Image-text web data
*** Block opens ***

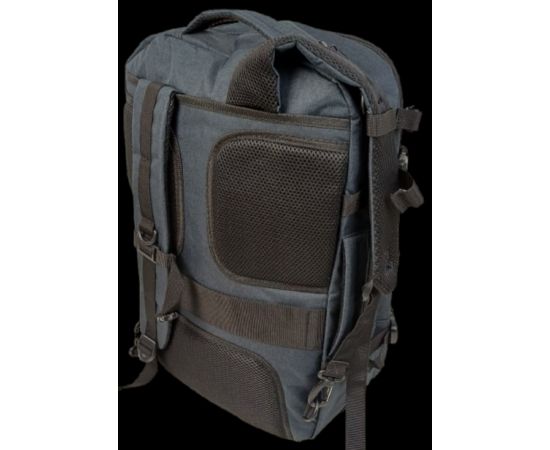 Купить Большой дорожный рюкзак - сумка для поездок 40L Live in style темно-серый, фото , изображение 5, характеристики, отзывы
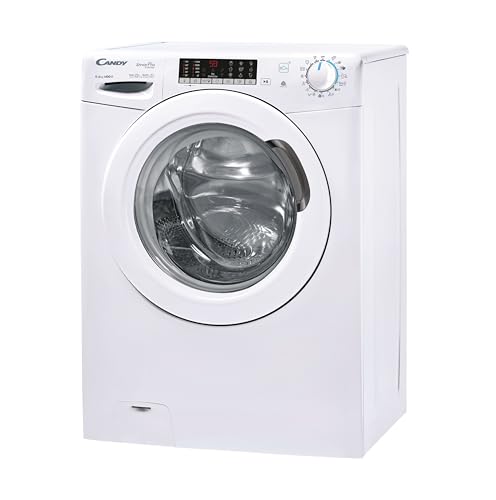 Candy Smart Pro Inverter CSOW4966TWM1-S, Lavasciuga a carica frontale, 9+6 KG, Classe A, 1400 giri, 76 dB, Cicli Rapidi, 17 programmi, Bianco, AxLxP 85x60x58 cm - Immagine 1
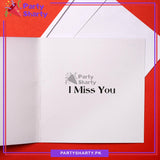 Miss You Greeting Card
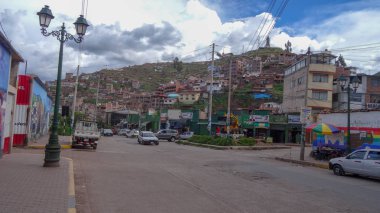 Cusco Peru güzel ve antik bir şehir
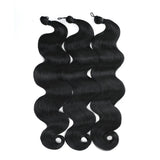 26 Inch Crochet Braid Hair 300G Synthetic Ombre Brown 27/30/613 Deep Wave Braiding Hair Extensions Body Wave Twist Crochet Hair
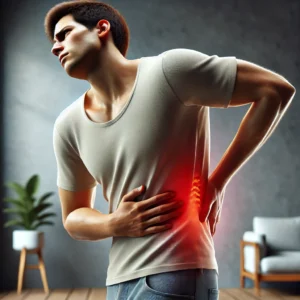 persona con dolor de espalda lateral persistente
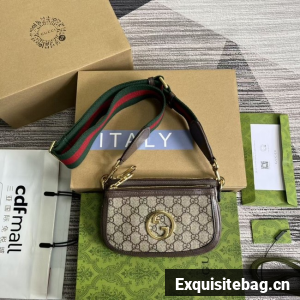 GUCCI OPHIDIA MINI BAG 724599 brown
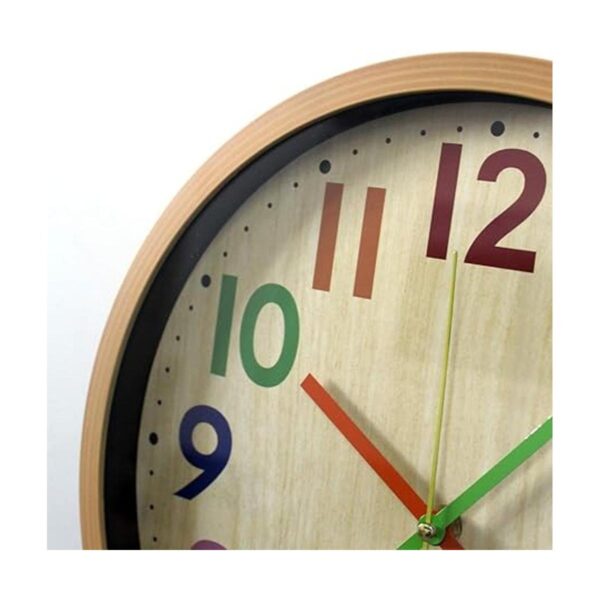 Reloj de pared 12 pulgadas fácil de leer silencioso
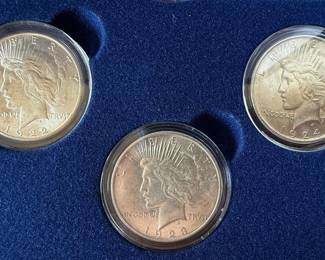 National Collector's Mint Peace Dollar Three-Coin Set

*** Block closes ***

◆ Exercise requirements: With the pictures left out, write out exactly the lines above from the one containing "Candy Smart Pro" through the one containing "persona con dolor".

◆ Response:
 Candy Smart Pro Inverter CSOW4966TWM1-S, Lavasciuga a carica frontale, 9+6 KG, Classe A, 1400 giri, 76 dB, Cicli Rapidi, 17 programmi, Bianco, AxLxP 85x60x58 cm - Immagine 1
 Miss You Greeting Card
 Cusco Peru güzel ve antik bir şehir
 26 Inch Crochet Braid Hair 300G Synthetic Ombre Brown 27/30/613 Deep Wave Braiding Hair Extensions Body Wave Twist Crochet Hair
 persona con dolor de espalda lateral persistente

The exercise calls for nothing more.